◆ **PROBLEM DESCRIPTION**
Lines before the one containing "ガスバリア性 | ミクトロン® | テクニカル情報 | フィルム製品 | 東レ" are left out; return that line and every line after it exactly, through the end of the data below.

◆ ◆ ◆

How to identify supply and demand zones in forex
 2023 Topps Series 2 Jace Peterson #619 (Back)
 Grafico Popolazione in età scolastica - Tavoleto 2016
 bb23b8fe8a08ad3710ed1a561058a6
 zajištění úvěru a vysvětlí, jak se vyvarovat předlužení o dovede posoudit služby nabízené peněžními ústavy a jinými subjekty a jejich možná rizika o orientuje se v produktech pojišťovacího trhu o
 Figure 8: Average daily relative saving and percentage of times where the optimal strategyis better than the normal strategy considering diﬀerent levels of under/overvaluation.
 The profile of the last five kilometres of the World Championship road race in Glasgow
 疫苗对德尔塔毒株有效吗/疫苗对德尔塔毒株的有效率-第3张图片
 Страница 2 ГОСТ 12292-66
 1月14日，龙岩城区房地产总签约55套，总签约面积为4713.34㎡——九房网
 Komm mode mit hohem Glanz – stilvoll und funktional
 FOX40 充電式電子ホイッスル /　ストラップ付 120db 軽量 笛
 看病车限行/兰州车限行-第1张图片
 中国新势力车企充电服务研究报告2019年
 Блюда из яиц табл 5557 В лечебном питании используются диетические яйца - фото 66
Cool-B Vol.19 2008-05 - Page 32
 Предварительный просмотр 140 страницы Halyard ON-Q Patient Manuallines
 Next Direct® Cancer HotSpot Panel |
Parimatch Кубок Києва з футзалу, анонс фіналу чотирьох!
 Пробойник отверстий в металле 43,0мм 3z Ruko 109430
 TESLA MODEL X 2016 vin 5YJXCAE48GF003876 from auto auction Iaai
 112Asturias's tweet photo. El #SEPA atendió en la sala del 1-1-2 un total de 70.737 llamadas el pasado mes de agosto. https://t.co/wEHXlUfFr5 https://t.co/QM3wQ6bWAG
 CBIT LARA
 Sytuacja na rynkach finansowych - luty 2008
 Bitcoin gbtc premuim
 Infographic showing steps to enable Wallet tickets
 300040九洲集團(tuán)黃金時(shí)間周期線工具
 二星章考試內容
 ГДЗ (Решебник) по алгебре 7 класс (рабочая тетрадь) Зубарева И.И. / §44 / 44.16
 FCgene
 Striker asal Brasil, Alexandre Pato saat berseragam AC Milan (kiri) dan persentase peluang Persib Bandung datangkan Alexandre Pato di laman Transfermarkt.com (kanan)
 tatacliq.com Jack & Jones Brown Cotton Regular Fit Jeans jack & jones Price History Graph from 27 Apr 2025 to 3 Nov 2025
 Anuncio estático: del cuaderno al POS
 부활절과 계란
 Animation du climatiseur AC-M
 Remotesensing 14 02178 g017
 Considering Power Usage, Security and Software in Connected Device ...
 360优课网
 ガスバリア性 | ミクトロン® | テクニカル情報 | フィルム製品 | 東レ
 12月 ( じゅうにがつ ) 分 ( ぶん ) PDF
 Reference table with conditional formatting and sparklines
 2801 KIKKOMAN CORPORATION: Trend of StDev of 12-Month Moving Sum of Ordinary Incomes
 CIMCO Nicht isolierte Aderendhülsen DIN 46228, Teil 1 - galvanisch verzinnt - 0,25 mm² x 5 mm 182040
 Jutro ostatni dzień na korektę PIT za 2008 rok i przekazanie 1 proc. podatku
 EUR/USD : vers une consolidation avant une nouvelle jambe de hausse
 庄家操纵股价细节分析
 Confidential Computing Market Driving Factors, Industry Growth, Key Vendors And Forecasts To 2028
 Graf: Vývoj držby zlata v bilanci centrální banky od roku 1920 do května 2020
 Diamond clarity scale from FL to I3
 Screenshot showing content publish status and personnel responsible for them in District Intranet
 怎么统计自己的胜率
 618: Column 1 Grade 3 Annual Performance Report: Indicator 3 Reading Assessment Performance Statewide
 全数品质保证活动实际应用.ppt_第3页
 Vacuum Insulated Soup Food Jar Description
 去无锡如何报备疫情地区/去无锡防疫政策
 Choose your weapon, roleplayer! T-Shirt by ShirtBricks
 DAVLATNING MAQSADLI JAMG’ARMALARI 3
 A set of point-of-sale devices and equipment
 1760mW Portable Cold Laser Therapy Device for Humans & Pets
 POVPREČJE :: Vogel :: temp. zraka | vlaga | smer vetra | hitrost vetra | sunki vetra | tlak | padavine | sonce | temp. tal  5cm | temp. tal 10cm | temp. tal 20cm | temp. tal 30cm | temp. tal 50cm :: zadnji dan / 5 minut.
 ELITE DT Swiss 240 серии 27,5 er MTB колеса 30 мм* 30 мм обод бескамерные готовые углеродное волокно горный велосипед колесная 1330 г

◆ ◆ ◆

◆ **SOLUTION BELOW**
 ガスバリア性 | ミクトロン® | テクニカル情報 | フィルム製品 | 東レ
 12月 ( じゅうにがつ ) 分 ( ぶん ) PDF
 Reference table with conditional formatting and sparklines
 2801 KIKKOMAN CORPORATION: Trend of StDev of 12-Month Moving Sum of Ordinary Incomes
 CIMCO Nicht isolierte Aderendhülsen DIN 46228, Teil 1 - galvanisch verzinnt - 0,25 mm² x 5 mm 182040
 Jutro ostatni dzień na korektę PIT za 2008 rok i przekazanie 1 proc. podatku
 EUR/USD : vers une consolidation avant une nouvelle jambe de hausse
 庄家操纵股价细节分析
 Confidential Computing Market Driving Factors, Industry Growth, Key Vendors And Forecasts To 2028
 Graf: Vývoj držby zlata v bilanci centrální banky od roku 1920 do května 2020
 Diamond clarity scale from FL to I3
 Screenshot showing content publish status and personnel responsible for them in District Intranet
 怎么统计自己的胜率
 618: Column 1 Grade 3 Annual Performance Report: Indicator 3 Reading Assessment Performance Statewide
 全数品质保证活动实际应用.ppt_第3页
 Vacuum Insulated Soup Food Jar Description
 去无锡如何报备疫情地区/去无锡防疫政策
 Choose your weapon, roleplayer! T-Shirt by ShirtBricks
 DAVLATNING MAQSADLI JAMG’ARMALARI 3
 A set of point-of-sale devices and equipment
 1760mW Portable Cold Laser Therapy Device for Humans & Pets
 POVPREČJE :: Vogel :: temp. zraka | vlaga | smer vetra | hitrost vetra | sunki vetra | tlak | padavine | sonce | temp. tal  5cm | temp. tal 10cm | temp. tal 20cm | temp. tal 30cm | temp. tal 50cm :: zadnji dan / 5 minut.
 ELITE DT Swiss 240 серии 27,5 er MTB колеса 30 мм* 30 мм обод бескамерные готовые углеродное волокно горный велосипед колесная 1330 г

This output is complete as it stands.